■ The task: All of the data below should come back exactly as written, minus its images.

■ Dataset entries:
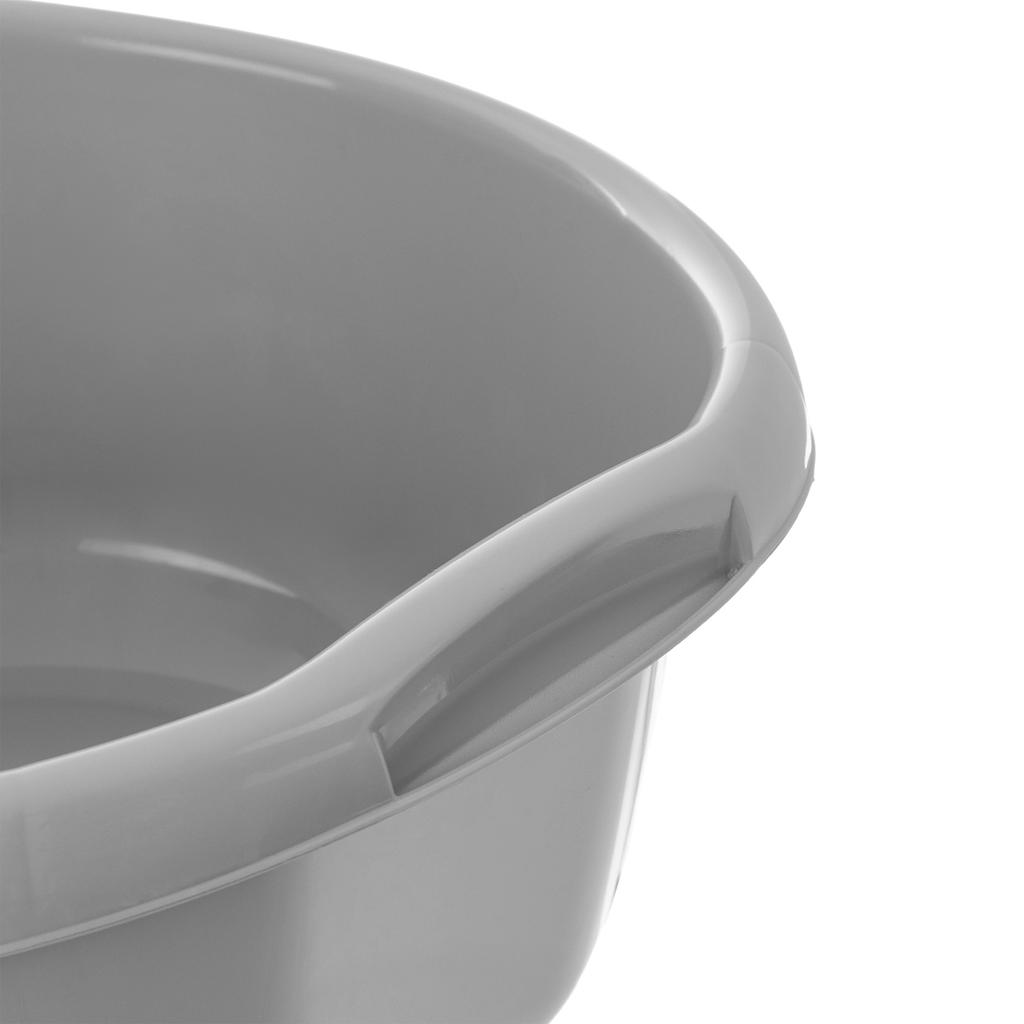 KADAX Miska Plastikowa Na Pranie Bieliznę 30L miednica Pojemnik Z Uchwytami 50 cm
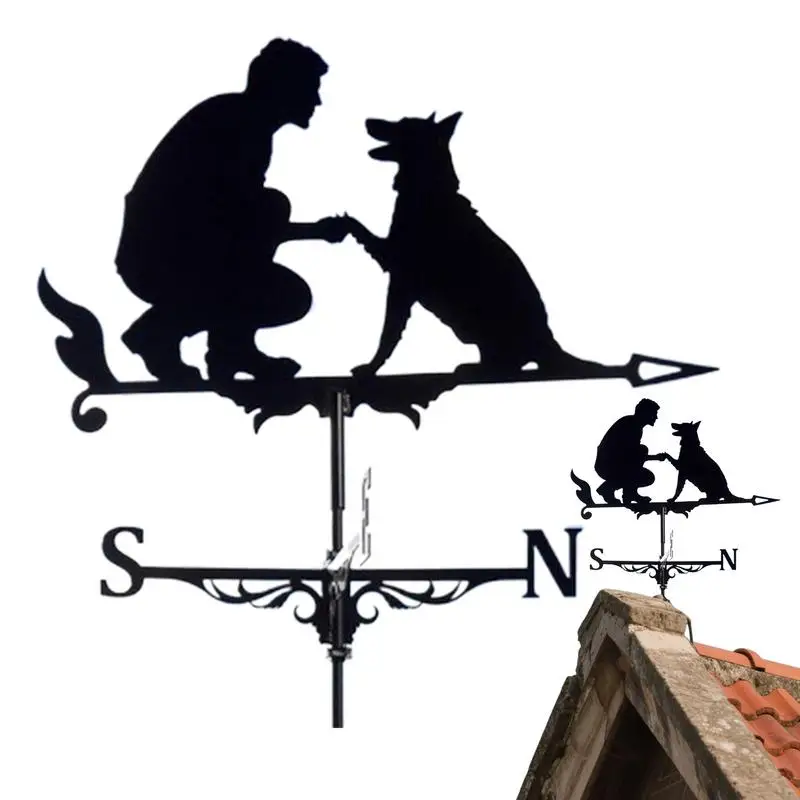 Paleta de Metal para hombre y perro, paleta meteorológica de hierro, águila, metal, decoración de patio y jardín al aire libre, pintura en aerosol, manualidades para exteriores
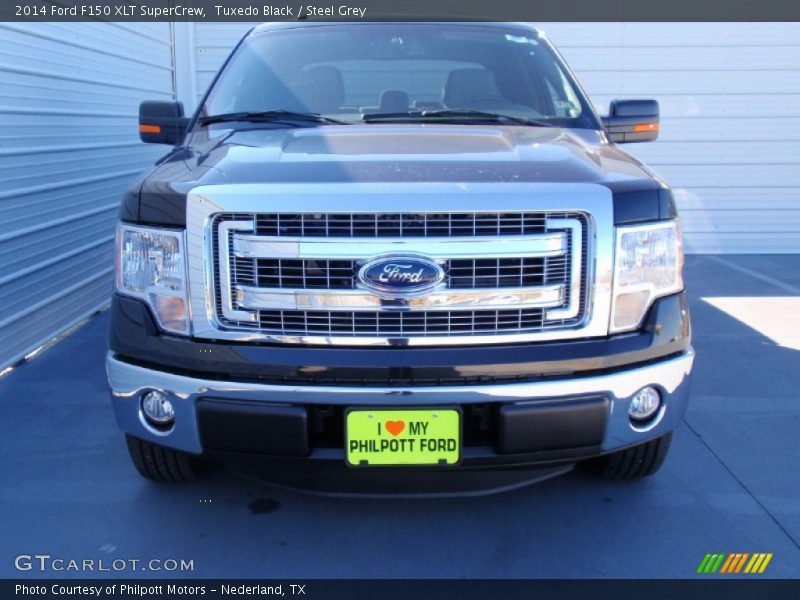 Tuxedo Black / Steel Grey 2014 Ford F150 XLT SuperCrew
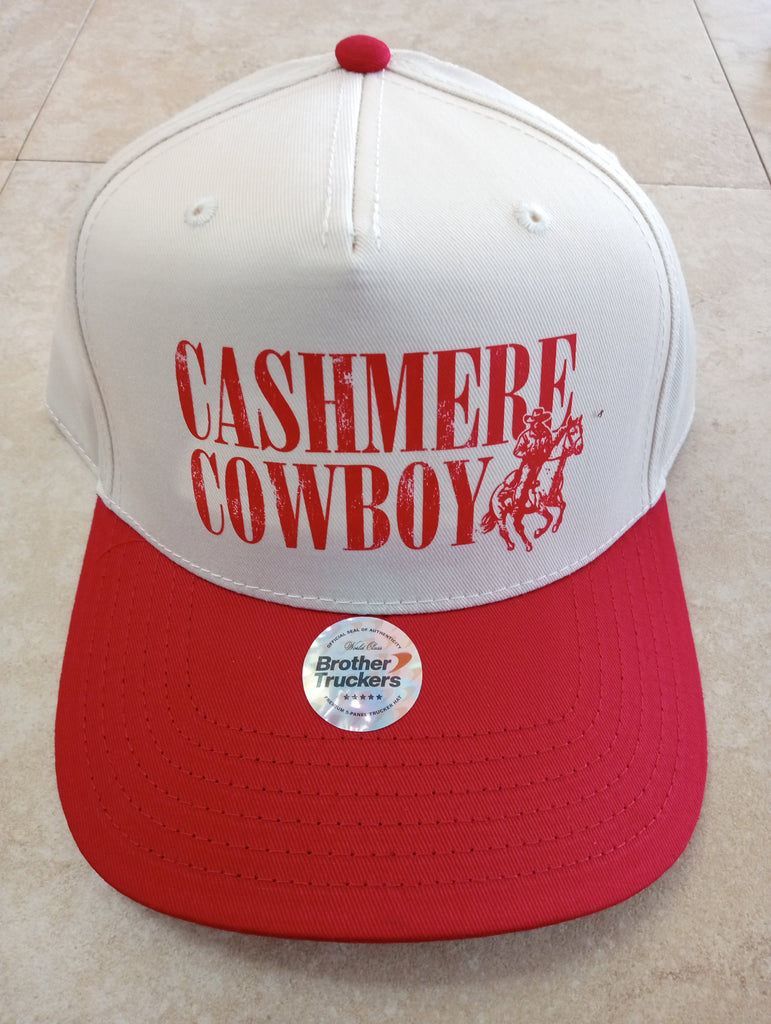 OTTO "CASHMERE COWBOY"-Red/Tan Hat Ashlyn Abernathy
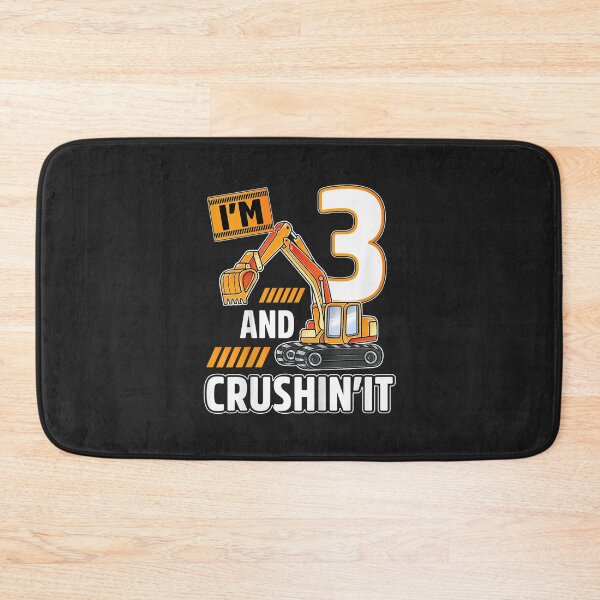Item preview, Kids 3 year old vehicles construction excavator Birthday 3rd TShirt0 designed and sold by virnmjan.
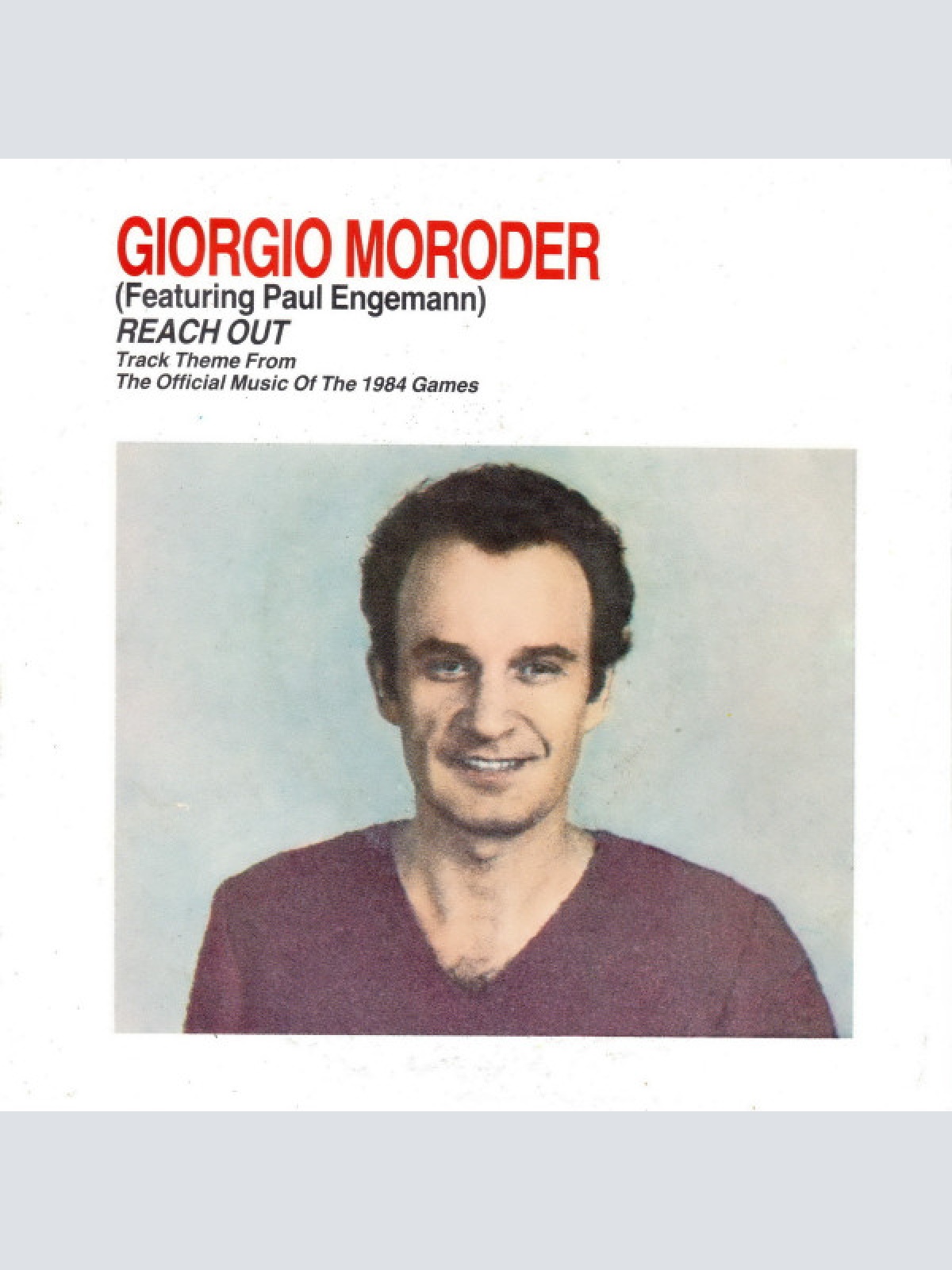 Vinyl / Giorgio Moroder Featuring Paul Engemann - Reach Out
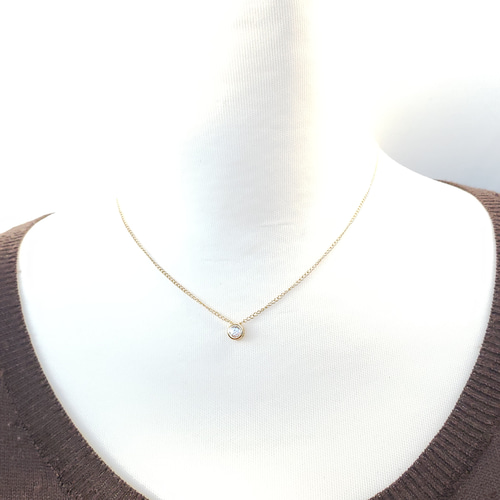 モアサナイト　ネックレス　10ct　インペリアルカット　エンペラー　ペンダント キラッキラ✨ エンペラーカット モアサナイト Dカラー ベゼルセット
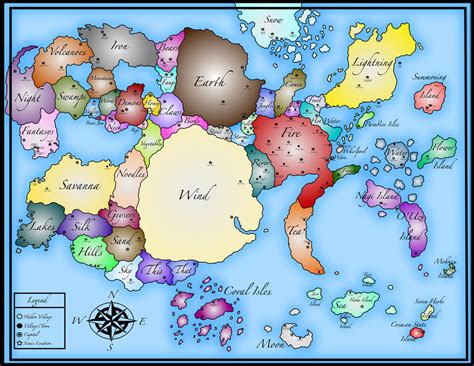 Naruto World Map by Mcskeleton on DeviantArt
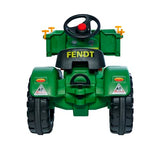 Big Fendt - Tractor Infantil con Cadena de precisión, Asiento Ajustable en 3 Posiciones, hasta 50 kg, Licencia de Fendt, para niños a Partir de 3 años, Verde, Amarillo, Negro y Rojo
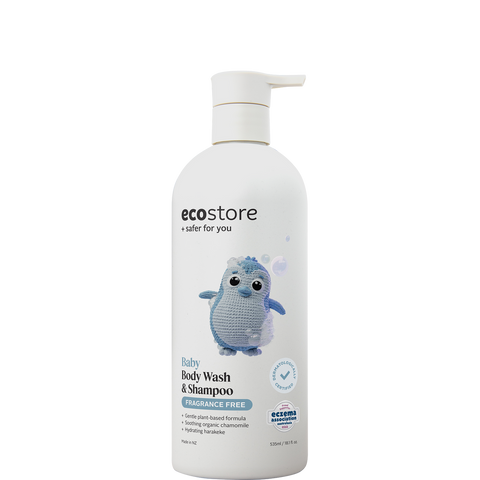 Ecostore Baby Foaming Body Wash & Shampoo - Fragrance Free (535ml)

■ Exercise output:
 KADAX Miska Plastikowa Na Pranie Bieliznę 30L miednica Pojemnik Z Uchwytami 50 cm
 Paleta de Metal para hombre y perro, paleta meteorológica de hierro, águila, metal, decoración de patio y jardín al aire libre, pintura en aerosol, manualidades para exteriores
 Tuxedo Black / Steel Grey 2014 Ford F150 XLT SuperCrew
 OTTO "CASHMERE COWBOY"-Red/Tan Hat Ashlyn Abernathy
Item preview, Kids 3 year old vehicles construction excavator Birthday 3rd TShirt0 designed and sold by virnmjan.
 Vinyl / Giorgio Moroder Featuring Paul Engemann - Reach Out
 モアサナイト　ネックレス　10ct　インペリアルカット　エンペラー　ペンダント キラッキラ✨ エンペラーカット モアサナイト Dカラー ベゼルセット
 Naruto World Map by Mcskeleton on DeviantArt
 Big Fendt - Tractor Infantil con Cadena de precisión, Asiento Ajustable en 3 Posiciones, hasta 50 kg, Licencia de Fendt, para niños a Partir de 3 años, Verde, Amarillo, Negro y Rojo
 Ecostore Baby Foaming Body Wash & Shampoo - Fragrance Free (535ml)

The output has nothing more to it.